Villas-Boas said that the City loss ought to have provoked shame in the players, which went down badly in the dressing room ... His comments after the City defeat were badly received in the dressing room and it reinforced the impression that Villas-Boas might be happy to talk up the collective when results are good but he will revert to blaming others in times of adversity.

The criticism from the dressing room is that his highly scientific approach overlooks the human dimension, which is ironic, given that is one of his buzz phrases. The players, technically, ought to have been ashamed after City but, on a human level, would that soundbite not have been better kept behind closed doors? Other managers might have accepted the blame in public, albeit as a diversionary tactic.
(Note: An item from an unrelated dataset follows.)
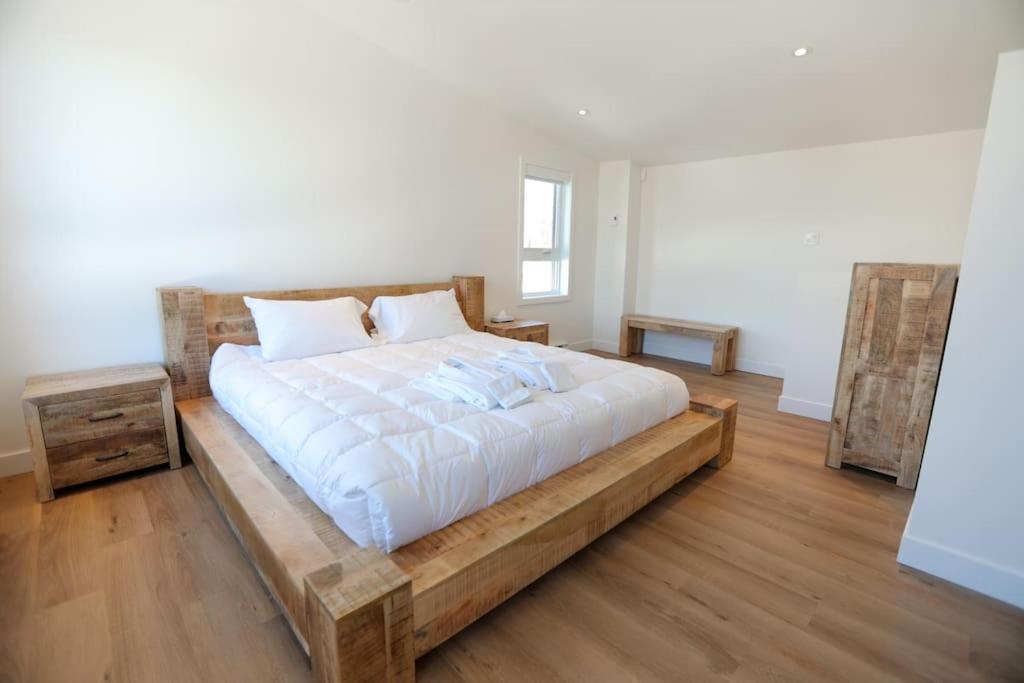 Chalet Élios , Private Hot Tub & Games, Golf & Nature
This one is the biggest allegation of them all, though it's worth clarifying that Andre Villas-Boas said that the club as a whole should be ashamed of the City result, including himself, and that he did not single out the players. However, that doesn't mean that he didn't say it in a way that was taken badly by the players and that they haven't gotten annoyed with him. It makes some of the recent comments by Defoe, Mousa Dembele and Jan Vertonghen seem a little less innocent and harmless than we thought they were.
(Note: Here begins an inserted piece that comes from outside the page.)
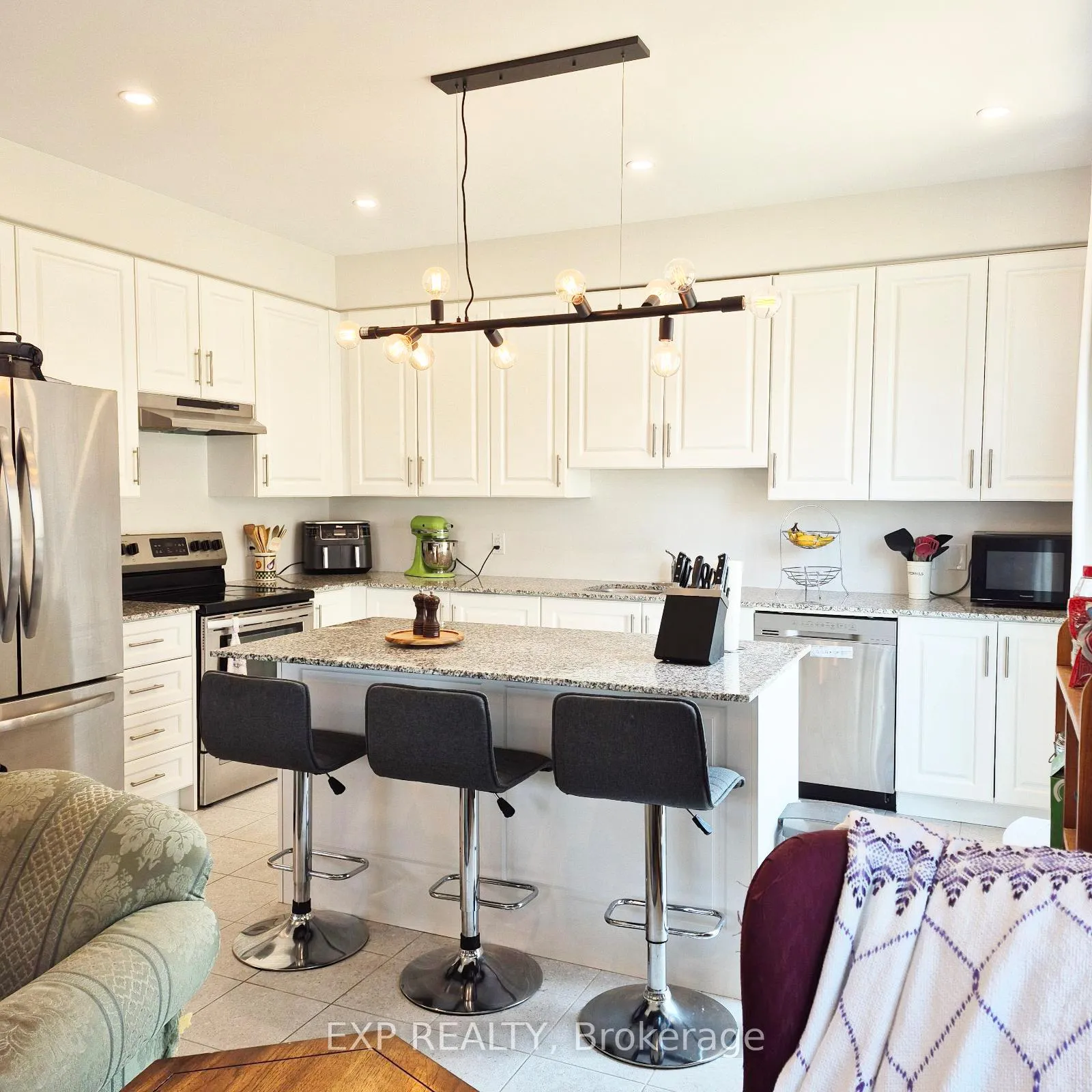 Photo 8 of 1056 Rippingale Trail, Peterborough, Northcrest Ward 5 — HOMEH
I'm not saying that Villas-Boas has lost the dressing room. I have no way of knowing that. But we don't hear about dressing room unrest stories at every club, we've heard a lot of this from less reputable papers and ITKs for months and quite a few players have given interviews where they sounded a bit frustrated with what's going on at the club. No one's seen any fire, but there's a hell of a lot of smoke.

I am skeptical that AVB is truly on thin ice and that he'll be fired sometime in December if Spurs don't surge up into the top four, but if he does actually go, I've got a feeling there's going to be a good reason. If all of the dressing room unrest stories are bogus, he's probably not going to get fired. It's hard to believe that Levy, Lewis and the rest of the club's executives would be so quick to sack a manager for purely results-based failures when it's impossible to justify hiring him if immediate results were the club's top priority.
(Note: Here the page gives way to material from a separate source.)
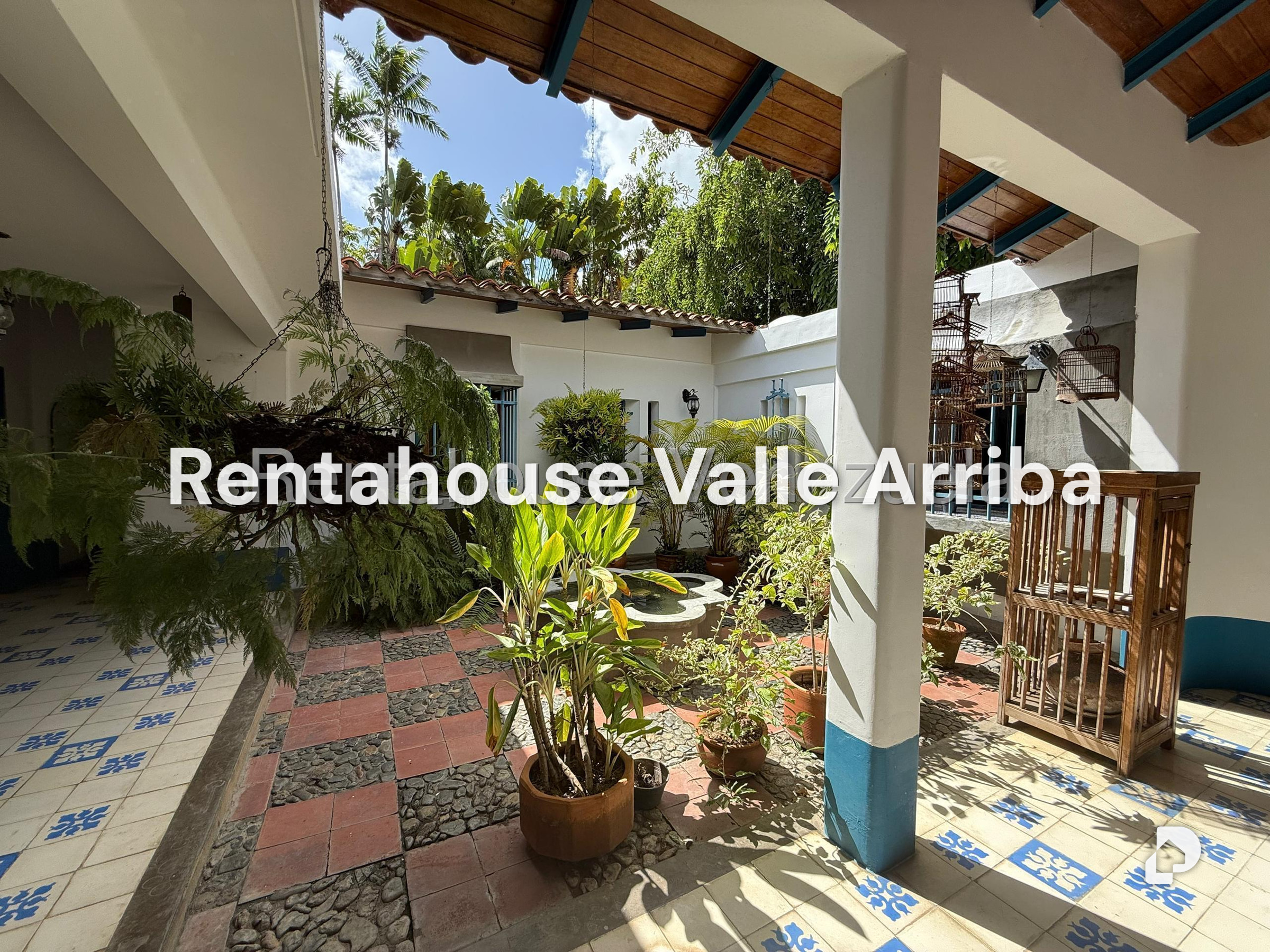 Casa en Cerro Verde, Caracas – 8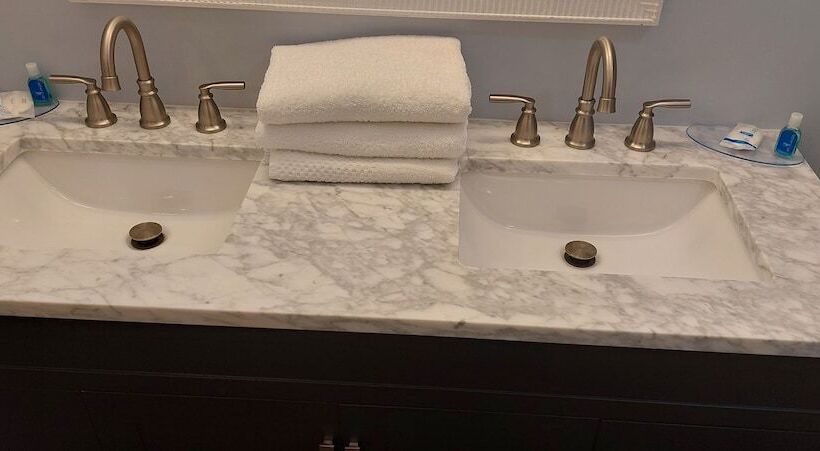 غرفة قياسية, Rodeway Inn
If he does go, I assume there's going to be a Chelsea-like burn book reading in which all the players talk about how he made them feel like garbage and was a dressing room cancer. It's the only reason I can think of for canning a young manager who was hired to be part of a long-term project more than he was hired to oversee said project. But, of course, we have no way of knowing whether or not that's true.

Don't expect AVB to get fired anytime soon. If he does get fired, expect a lot of negative stories about his man management techniques to emerge. If those stories come out, management probably did what they had to do. If they don't and we get no indication that there was some serious unrest in the dressing room, it'll be time to start worrying about Lewis and Levy's itchy trigger fingers.